Apple’s new operating system, Mac OS X Lion, will come with a bunch of new features and user interface tweaks. Most of them can be found on the company’s website and seen in the official promotion video for the new OS.

One feature that hasn’t had a lot of attention yet is the so-called “Restart to Safari” option. This feature can be found on Lion’s new user lock screen and allows the user to restart their Mac and boot directly into Safari. The Mac then functions as a direct window to the Internet and nothing else, since nothing else has been booted.

If you start your Mac into this web-only mode, you won’t need to log in with a user account. This means that all the user’s data is safe and can’t be accessed and used (including your Safari history and bookmarks). Your Mac basically turns into a web browser.

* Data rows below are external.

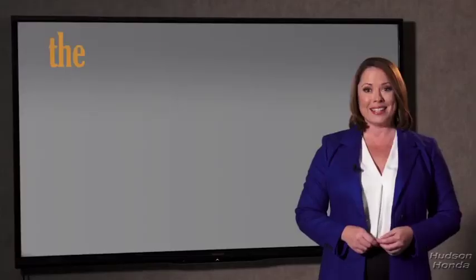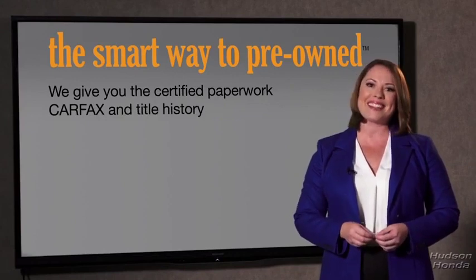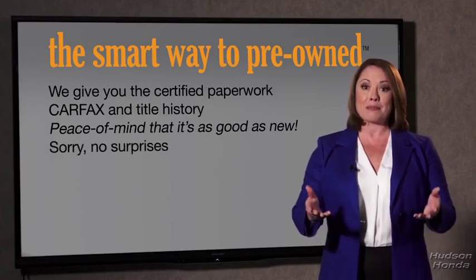Why should you worry if the odometer's been rolled back, or you're the victim of a salvaged or rebuilt vehicle, or worse, a washed title? We give you the certified paperwork, along with the CarFax and the title history, providing you with the peace of mind that your certified pre-owned is as good as new.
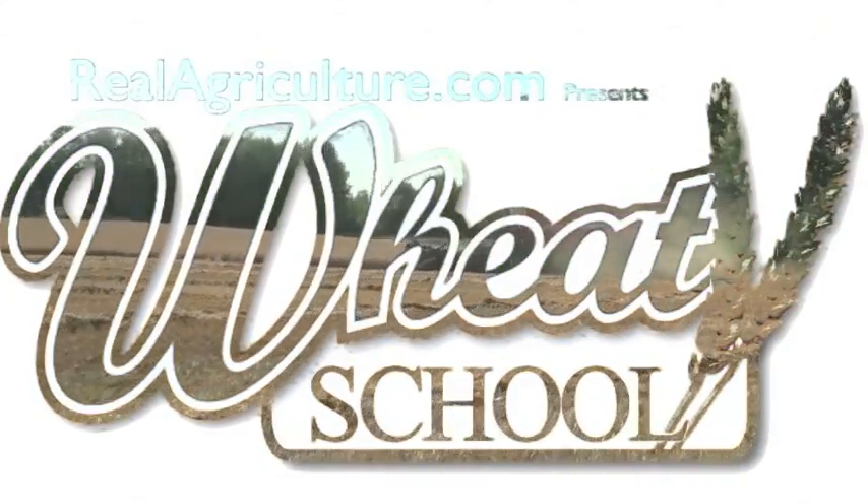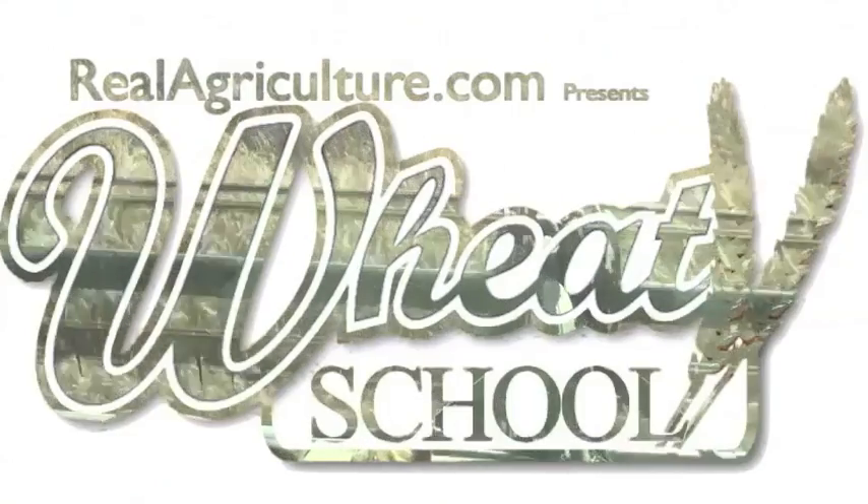Syngenta Crop Protection Canada and CNM Seeds present The Wheat School on RealAgriculture.com.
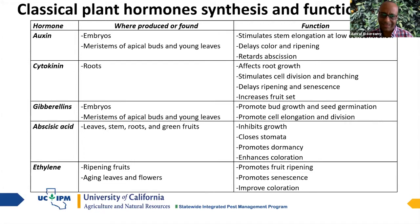Ethylene is the only gas hormone — the previous four are liquid hormones. We also call it the ripening hormone because it controls fruit ripening. If you can control ethylene, you can control the ripening of some fruits, and it also promotes senescence. Those are the five classical hormones most of us know — we studied them in school, and some of us are already using them in the orchard.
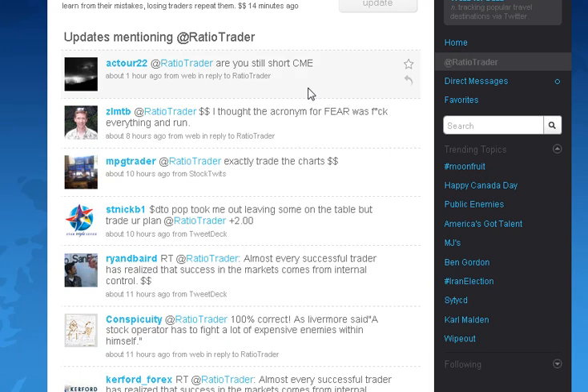Hey guys, so I've been getting a lot of emails, tweets, and direct messages about a CME short that we took several weeks ago. I've been getting a lot of questions — are you still short, how did you take that trade, how did you know how to take that trade? And it all boils down to just trading a plan, trading a system.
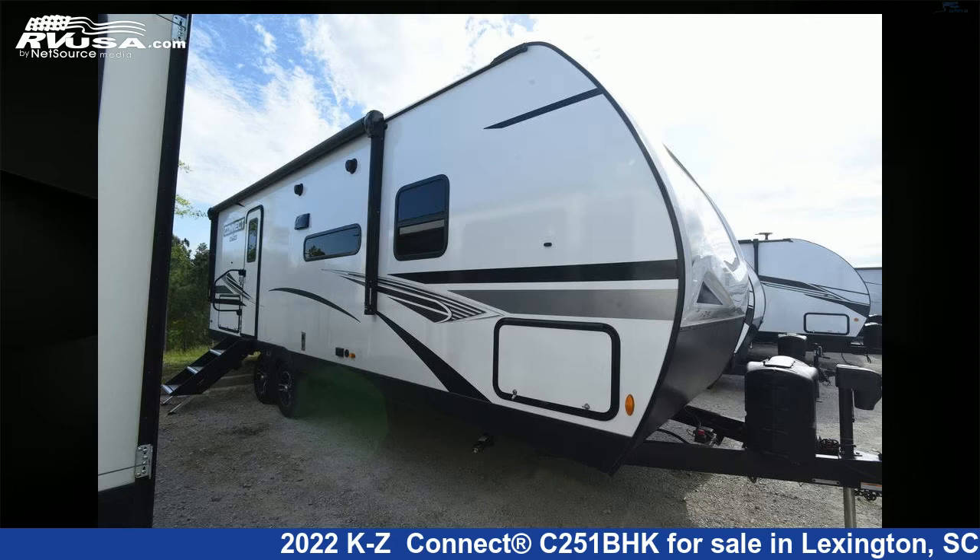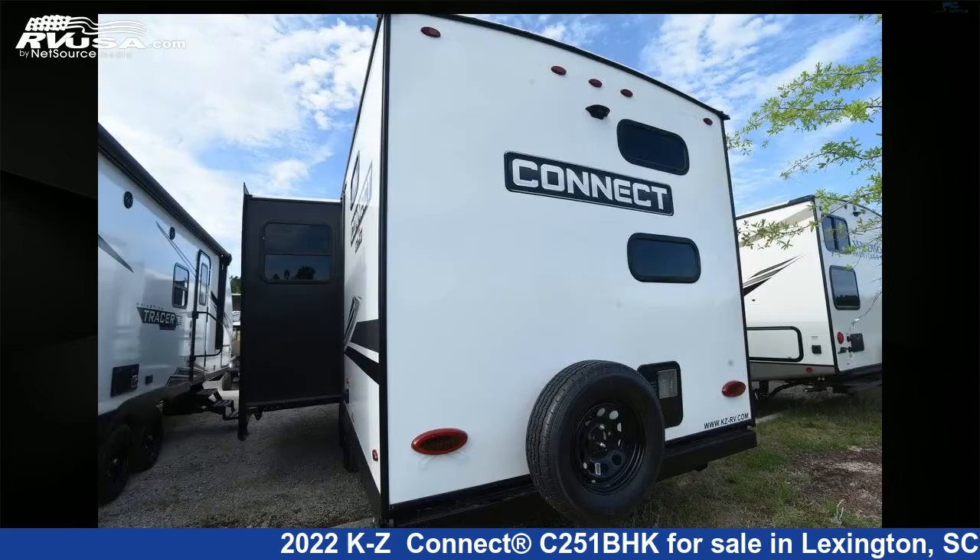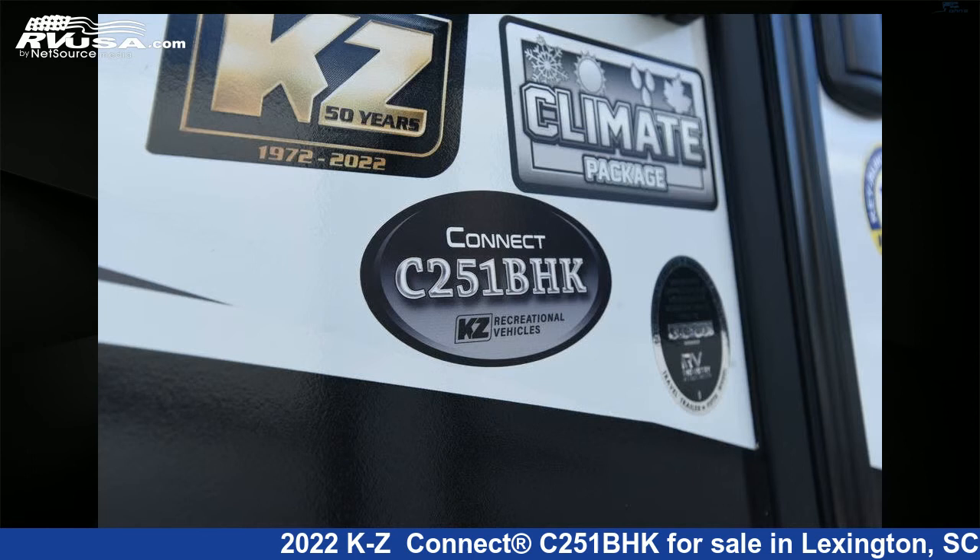This 2022 KZ Connect C-251BHK is a travel trailer RV located in Lexington, South Carolina, 29072, and is offered for sale by Johns RV Sales and Service. This new KZ is 29 feet 5 inches in length and features one slide out and sleeps 8.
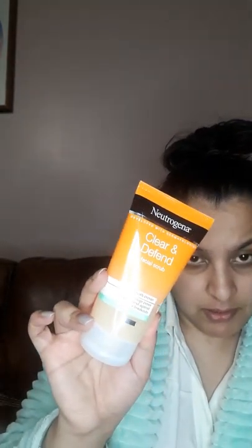Mum's got the one in pink; I've got the one in orange. Mine is the 'clean and defend' face wash — it's for pore skin and is oil-free. I also got the wash mask — my mum got the other type of mask and I got the wash one — plus a facial scrub and a moisturizer.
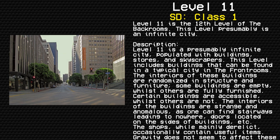Today we are going to be reading Level 11 of the Backrooms, also known as the Endless City. Survival Difficulty: Class 1, Safe, Secure, Minimal Entity Count.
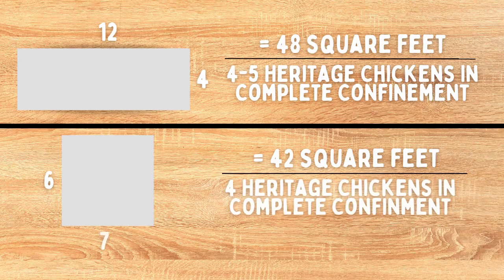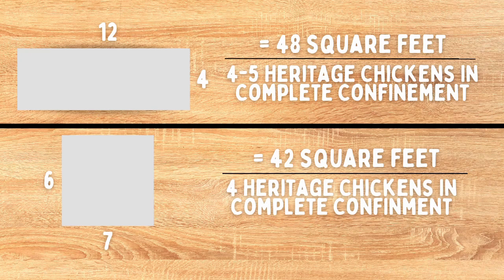Right now on our homestead we have four breeding coops in use, and they're basically two different designs. One design is 4 by 12 feet, giving us a total of 48 square feet, and the other is 6 by 7, giving us 42 square feet. Using that maximum of 10 square feet per bird, it's easy to see we're looking at between 4 and 5 birds per coop — that would be our carrying capacity if those birds never got to go outside.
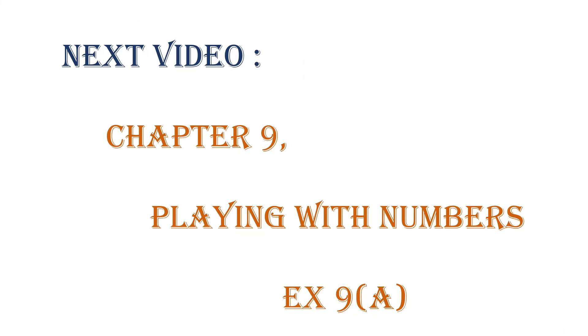With that, children, we come to the end of decimal fractions. We will now move on to Chapter 9: Playing with Numbers. In the next video, come prepared to do playing with numbers. Thank you, children.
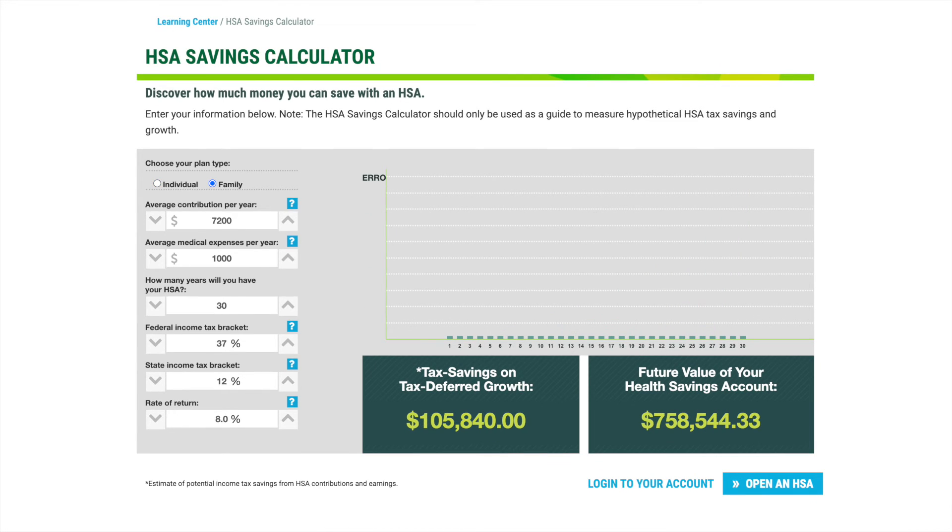If you have a family insurance plan and maxed it out at $7,200 each year with the same specs — except with doubled yearly medical expenses — over 30 years you would profit $648,384, of which again you could pull most of that out tax-free.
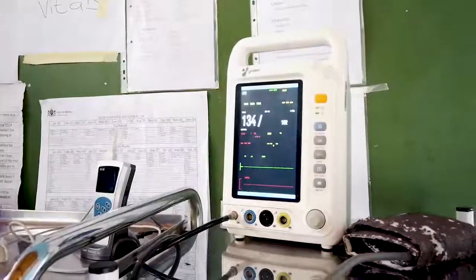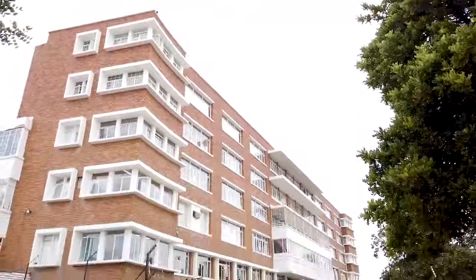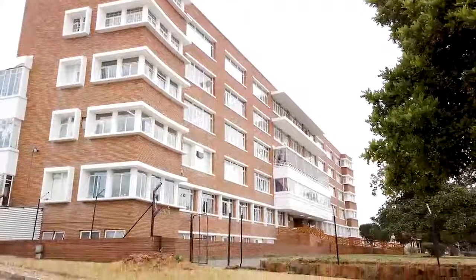They are still going to be checked there by the doctor. There are primary health care nurses and professional nurses there that check them and test them for COVID.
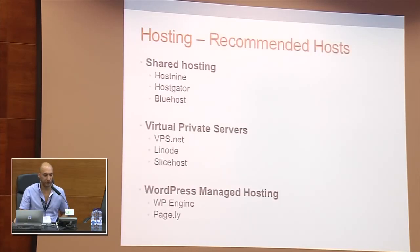I've listed some recommended hosts for those who are just starting out. These are all hosts I've used over the years. For shared hosting, Host9, HostGator, and BlueHost have very good support and good uptime, which is what you should look for. For VPS, there's VPS.net, Linode, and SiteHost, which are the three leaders in that space. For WordPress managed hosting, there's WP Engine, which I've just been mentioning, and Pagely.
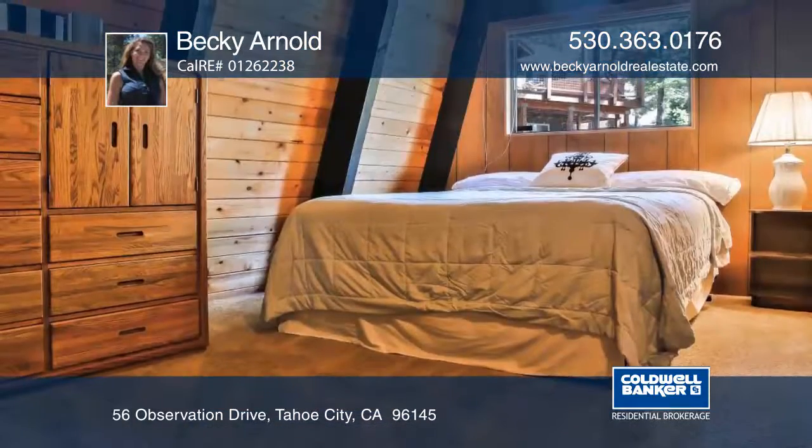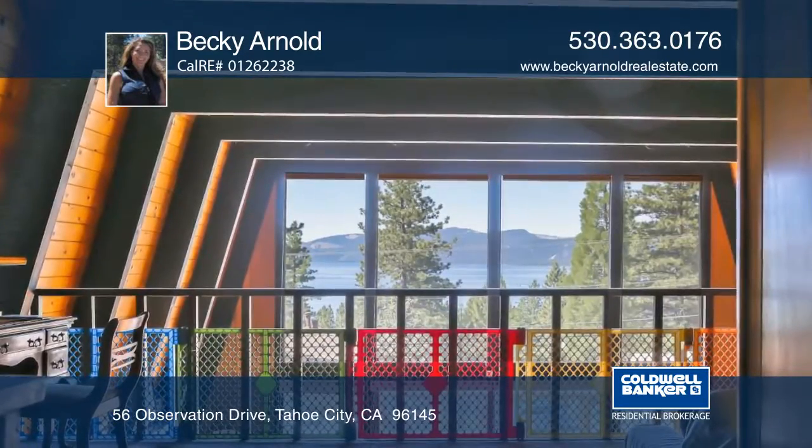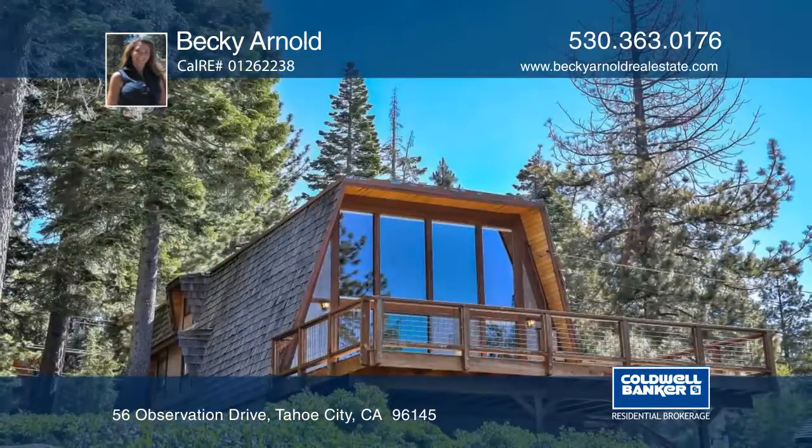There are four bedrooms and two bathrooms plus an additional loft providing more space for relaxing. There's plenty of storage with a one-car garage, carport and additional parking area underneath. Call Becky Arnold today!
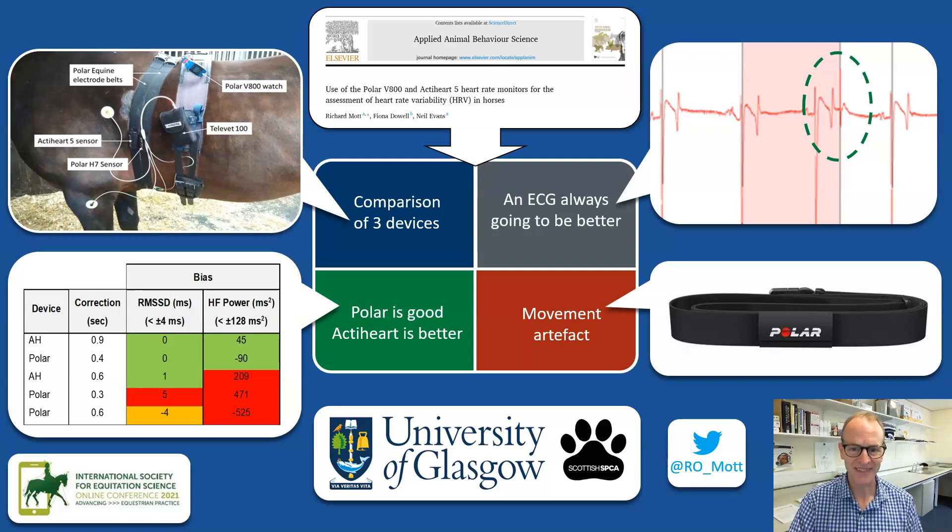But — and this is the key difference — with the ECG these errors can be manually corrected before analysis, and so it is always going to be more accurate than Polar generated data. Another issue is movement artifact, but this is more about how the device is attached to the horse rather than the device itself.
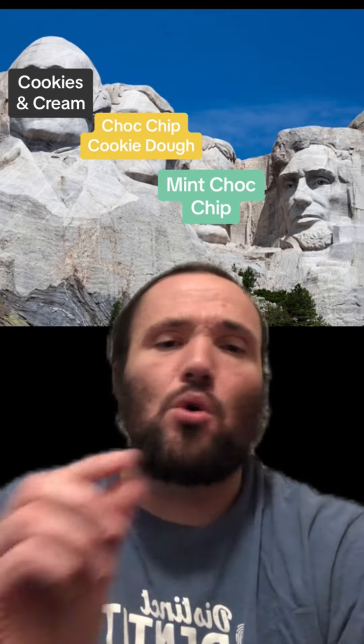Third, we're changing pace a little bit here and going with mint chocolate chip. This is personally my second favorite ice cream. It's always excellent. You have the mint flavor, so a little bit of a different base than the first two, but you also have the chocolate chips in there to sweeten it up. You could also do mint Oreo, anything along those lines for this same spot.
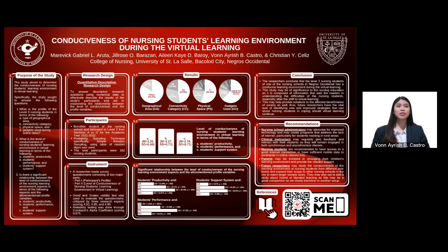For the objectives, the study aimed to determine the conduciveness of nursing students' learning environment in virtual learning. Specifically, the study sought to answer the following questions. Number 1: What is the profile of Level 3 nursing students in terms of type of geographical area, connectivity category, physical space, and gadgets used during online class? Number 2: What is the level of conduciveness of nursing students' learning environment in virtual learning in terms of student's productivity, student's performance, and student support system? Lastly, is there a significant relationship between the level of conduciveness of nursing learning environment aspects and the aforementioned profile variables — student's productivity, student's performance, and student support system?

We’ve seen this kind of approach to an operating system with Google’s Chrome OS, which will run on Chromebooks and is actually nothing other than an advanced version of Google Chrome. Google’s vision behind this approach to computing is the complete move into the cloud where the cloud (or the Internet) is your OS.

Apple clearly isn’t trying to compete with Google’s Chrome OS (at least not yet), otherwise they wouldn’t have announced Mac OS X Lion as the operating system it is. This new “Restart to Safari” feature is more of a rescue feature, as Apple announced it as a part of the also new “Find my Mac” feature. According to this post in the MacRumors comments, this feature’s whole purpose is to get potential thieves to use Safari to connect to the Internet, so that the Mac can be localised and found.

But it’s also really useful if someone asks you to use your Mac to just “check emails real quick.” Don’t we all hate that?